Une nouvelle ère, promet-t-il, courant rejoindre ses partisans qui l’attendent pour marcher à ses côtés vers la vaste Place de la République, où il doit délivrer un nouveau discours. La capitale de l’Arménie apparaît déjà sous son entier contrôle. A 12 heures pile, comme il l’avait demandé, des piétons ont bloqué joyeusement les rues et carrefours d’Erevan. A 16 heures pile, ils se sont repliés, laissant passer les voitures ceintes du drapeau national dans un tonnerre de klaxons. A 20 heures, il prend la parole pour annoncer que lundi, il reviendrait enfin à son bureau du Parlement afin de rencontrer les différentes fractions parlementaires.
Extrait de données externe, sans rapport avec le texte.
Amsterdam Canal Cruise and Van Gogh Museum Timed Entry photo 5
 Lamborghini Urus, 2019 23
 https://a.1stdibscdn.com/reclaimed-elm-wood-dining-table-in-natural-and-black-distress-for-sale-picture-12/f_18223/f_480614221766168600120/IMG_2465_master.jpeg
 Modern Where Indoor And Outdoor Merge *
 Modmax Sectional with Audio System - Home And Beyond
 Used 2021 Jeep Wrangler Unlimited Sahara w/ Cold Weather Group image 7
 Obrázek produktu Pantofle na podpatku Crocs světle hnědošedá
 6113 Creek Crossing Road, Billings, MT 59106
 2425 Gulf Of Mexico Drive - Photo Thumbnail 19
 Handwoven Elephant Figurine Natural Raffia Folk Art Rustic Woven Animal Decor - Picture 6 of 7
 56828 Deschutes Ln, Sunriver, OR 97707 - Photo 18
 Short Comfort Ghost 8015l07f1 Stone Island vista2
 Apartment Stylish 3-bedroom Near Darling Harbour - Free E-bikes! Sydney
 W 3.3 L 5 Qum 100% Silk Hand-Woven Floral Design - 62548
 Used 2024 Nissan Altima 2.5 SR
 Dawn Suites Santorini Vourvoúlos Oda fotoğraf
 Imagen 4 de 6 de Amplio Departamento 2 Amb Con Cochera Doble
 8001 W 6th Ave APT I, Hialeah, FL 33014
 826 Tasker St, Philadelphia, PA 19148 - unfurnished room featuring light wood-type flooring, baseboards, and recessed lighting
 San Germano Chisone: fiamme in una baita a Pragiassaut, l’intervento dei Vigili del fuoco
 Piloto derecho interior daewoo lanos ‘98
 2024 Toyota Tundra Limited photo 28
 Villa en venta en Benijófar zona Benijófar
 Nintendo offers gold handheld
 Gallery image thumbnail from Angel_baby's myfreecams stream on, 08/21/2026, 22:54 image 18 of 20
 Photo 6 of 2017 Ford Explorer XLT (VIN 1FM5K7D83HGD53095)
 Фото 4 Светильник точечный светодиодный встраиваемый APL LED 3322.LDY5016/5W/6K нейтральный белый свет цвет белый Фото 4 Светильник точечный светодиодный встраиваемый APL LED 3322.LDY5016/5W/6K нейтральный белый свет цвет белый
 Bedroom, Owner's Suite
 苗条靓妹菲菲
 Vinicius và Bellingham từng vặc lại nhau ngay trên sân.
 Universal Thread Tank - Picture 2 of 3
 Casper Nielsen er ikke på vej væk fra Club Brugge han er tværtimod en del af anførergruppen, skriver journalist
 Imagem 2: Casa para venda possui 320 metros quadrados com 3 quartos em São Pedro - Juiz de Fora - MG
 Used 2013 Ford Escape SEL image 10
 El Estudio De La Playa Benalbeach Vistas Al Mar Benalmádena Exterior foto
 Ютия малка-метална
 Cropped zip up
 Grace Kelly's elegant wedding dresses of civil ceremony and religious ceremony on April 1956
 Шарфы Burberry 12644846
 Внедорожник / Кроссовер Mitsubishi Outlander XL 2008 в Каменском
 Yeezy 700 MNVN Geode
Il demande donc d’arrêter provisoirement tout acte de désobéissance civile. Il évoque aussi une rencontre conclue le matin même sur une note « positive » avec une délégation de la douma, le parlement russe. Mais s’il espère une meilleure coopération avec la Russie, il veut qu’il en soit de même avec l’Europe et les Etats-Unis, comme avec la Géorgie et l’Iran. Les considérations de géopolitique ne sont décidément pas sa priorité, confirment tous ses proches. Les malheurs de l’Arménie ne viennent pas de ses voisins a-t-il toujours pensé, mais de la « pourriture » de son système politique.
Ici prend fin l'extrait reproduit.